Pod koniec lutego jeden z portali zauważył, że Krzysztof Ibisz i Joanna Kudzbalska, uczestniczka drugiego sezonu "Top Model", są razem. Co więcej, posty wrzucane przez dziewczynę sugerowały, że para jest ze sobą co najmniej od kilku miesięcy, a ostatnio doszło do zaręczyn. Prezenter w końcu odniósł się do sprawy.
Ponad tydzień temu media obiegła informacja o zaręczynach Krzysztofa Ibisza. Prezenter miał poprosić o rękę Joannę Kudzbalską, a aspirująca modelka zdążyła już pochwalić się w sieci pierścionkiem. Już nie ma wątpliwości, że to prezent od dziennikarza. Ibisz w końcu postanowił skomentować swój związek.
Nie mówiliśmy nic o tym, że jesteśmy parą. Już prawie rok to trwało i nie mówię, że się ukrywaliśmy, ale nasi bliscy znajomi wiedzieli i gdzieś to dotarło do portali. Mieliśmy nadzieję, że to zostanie między nami, ale tak, już nie zaprzeczam - przyznał Ibisz w rozmowie z Pomponikiem.

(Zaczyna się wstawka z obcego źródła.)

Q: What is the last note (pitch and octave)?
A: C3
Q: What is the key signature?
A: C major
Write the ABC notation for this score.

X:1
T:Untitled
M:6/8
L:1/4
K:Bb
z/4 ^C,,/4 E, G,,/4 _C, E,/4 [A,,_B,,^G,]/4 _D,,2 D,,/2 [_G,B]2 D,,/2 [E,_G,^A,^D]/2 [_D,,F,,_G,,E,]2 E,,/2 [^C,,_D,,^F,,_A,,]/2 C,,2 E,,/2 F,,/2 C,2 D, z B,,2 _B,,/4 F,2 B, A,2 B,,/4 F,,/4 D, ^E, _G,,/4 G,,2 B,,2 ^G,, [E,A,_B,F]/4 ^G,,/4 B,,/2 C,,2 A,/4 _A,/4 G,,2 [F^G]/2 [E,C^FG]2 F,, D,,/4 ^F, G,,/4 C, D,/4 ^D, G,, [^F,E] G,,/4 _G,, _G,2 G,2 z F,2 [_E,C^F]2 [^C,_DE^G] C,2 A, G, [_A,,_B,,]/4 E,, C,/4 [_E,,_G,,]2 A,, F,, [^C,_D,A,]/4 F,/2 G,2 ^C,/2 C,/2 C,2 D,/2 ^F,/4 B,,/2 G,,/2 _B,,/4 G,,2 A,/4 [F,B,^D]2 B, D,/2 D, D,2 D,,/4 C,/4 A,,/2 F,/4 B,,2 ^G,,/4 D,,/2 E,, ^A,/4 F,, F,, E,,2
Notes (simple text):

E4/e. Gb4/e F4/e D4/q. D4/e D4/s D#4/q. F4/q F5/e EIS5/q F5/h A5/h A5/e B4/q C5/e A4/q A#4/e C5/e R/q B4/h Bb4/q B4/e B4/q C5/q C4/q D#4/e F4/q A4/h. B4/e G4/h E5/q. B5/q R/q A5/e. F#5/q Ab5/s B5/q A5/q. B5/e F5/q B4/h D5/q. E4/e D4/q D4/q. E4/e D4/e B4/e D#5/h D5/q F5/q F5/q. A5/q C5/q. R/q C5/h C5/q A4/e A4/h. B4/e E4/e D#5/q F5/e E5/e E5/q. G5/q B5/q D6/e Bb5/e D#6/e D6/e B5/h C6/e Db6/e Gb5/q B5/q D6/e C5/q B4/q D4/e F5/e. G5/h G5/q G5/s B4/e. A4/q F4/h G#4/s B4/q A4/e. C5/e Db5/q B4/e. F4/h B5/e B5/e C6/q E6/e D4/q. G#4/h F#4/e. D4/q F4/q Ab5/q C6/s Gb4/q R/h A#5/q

Krzysztof liczył na to, że ten związek będzie utrzymany w tajemnicy, albo raczej - jak najdłużej uda się to robić. Wcześniej chętnie dzielił się informacjami o swoich relacjach - najpierw, będąc z dziennikarką Anną Zejdler czy następnie z Anną Nowak-Ibisz. Zaskoczeniem było więc to, że w tym przypadku starał się o nieco więcej prywatności. Nie był zadowolony, że o wszystkim dowiedziały się media.
Nie byliśmy zachwyceni. Chcieliśmy się cieszyć swoim szczęściem sami, ale tak się stało i nic już z tym nie zrobimy - stwierdził Krzysztof.
Ostatni medialny związek Krzysztofa Ibisza to ten z Patrycją Madejską, z którą był siedem lat. Para rozstała się w 2019 roku i wydawało się wówczas, że prezenter raczej nie myślał o tym, by po raz kolejny stanąć na ślubnym kobiercu. Okazuje się, że pod wpływem znajomości z Joanną zmienił zdanie i już po roku zdecydował się na zaręczyny. Życzymy szczęścia!